The way it works is that you put your full, closed jars of product in the canner and punch in a code that corresponds with the recipe you’ve used. It will slowly heat and build pressure. Once it has reached the appropriate temperature and pressure setting, it sings a little tune and the processing period begins. When the time is up, the canner then cools and depressurizes. The period the jars are in the canner are often longer overall than in a traditional canning, because of the necessary heating and cooling. However, it’s all hands-off time. You don’t have to tend a canning pot or check to ensure that it’s maintaining the proper boil.

Hugh Acheson

Southern chef Hugh Acheson demonstrated the FreshTECH canner at the media event. I was amused by the fact that he cracked some of the same canning jokes that I typically make in my classes. Canning geeks, unite!

I haven’t had my hands one of these FreshTECH Canners yet, but am expecting a review unit in the next week or so (I’ll follow up with first-hand thoughts after I’ve had a chance to use it). But from observation, here are some of my initial thoughts.

It could be a great device to get nervous beginners acclimated to canning. It may also be a boon for people who want to can but have small kids or work responsibilities that makes it hard to tend a canning pot. You put the jars in, set the machine and it processes them without another thought. You just have to stay close enough to open it and remove the jars once the time is up.

One thing that gives me major pause is the fact that the manufacturers currently recommend that you only use this device with their recipes and they have no plans to offer instruction as to how you can adapt it for use with your favorite recipes. I can understand that they don’t want to be responsible for preserving projects gone awry, but to my mind, if a recipe is safe for boiling water bath canning, it should be safe for use in the FreshTECH Canner. The fact that it seems like they’re trying to create a closed system of recipes and products makes me hesitant.

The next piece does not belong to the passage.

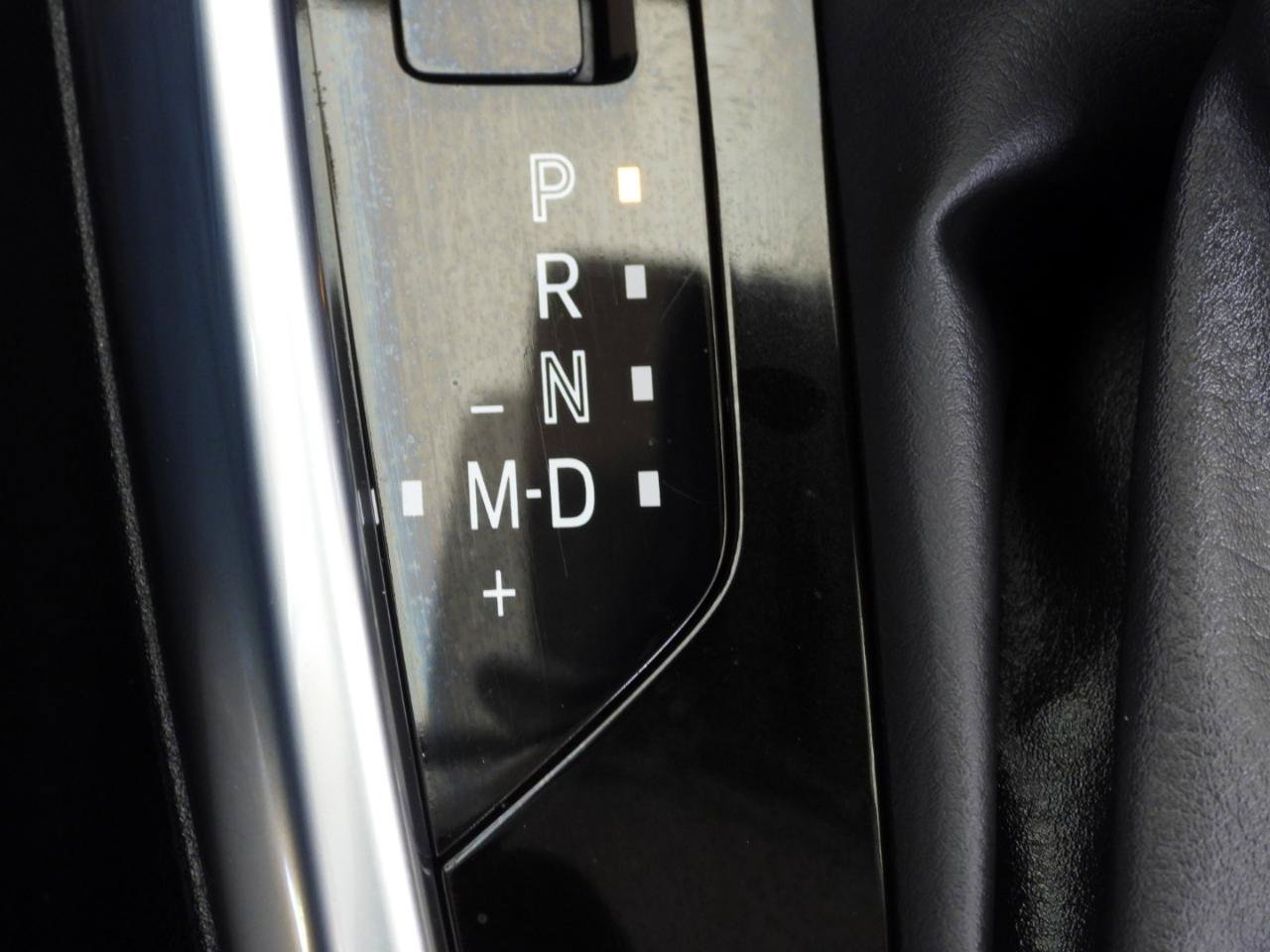 Used 2020 Toyota Yaris XLE FWD image 57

Ball FreshTECH Automatic Home Canning System

The other thing that concerns me is what the FreshTECH communicates to the canning uncertain. I spend a goodly portion of my life calming the fears of beginning preservers and so am well acquainted with the level of anxiety that canning carries. Because this device uses a small amount of pressure to elevate the temperature a few degrees over the boiling point, I worry that some will interpret that to mean that the boiling water bath (the gold standard of high acid canning) is no longer good enough and that an elevated temperature is necessary for all products.

All that said, I am still curious about it and am looking forward to seeing first-hand how it works. My best case scenario is that it becomes a useful appliance in a home canner’s toolbox (though at $299.95, it will be a pricy tool).

What do you all think? Is this something you’d use?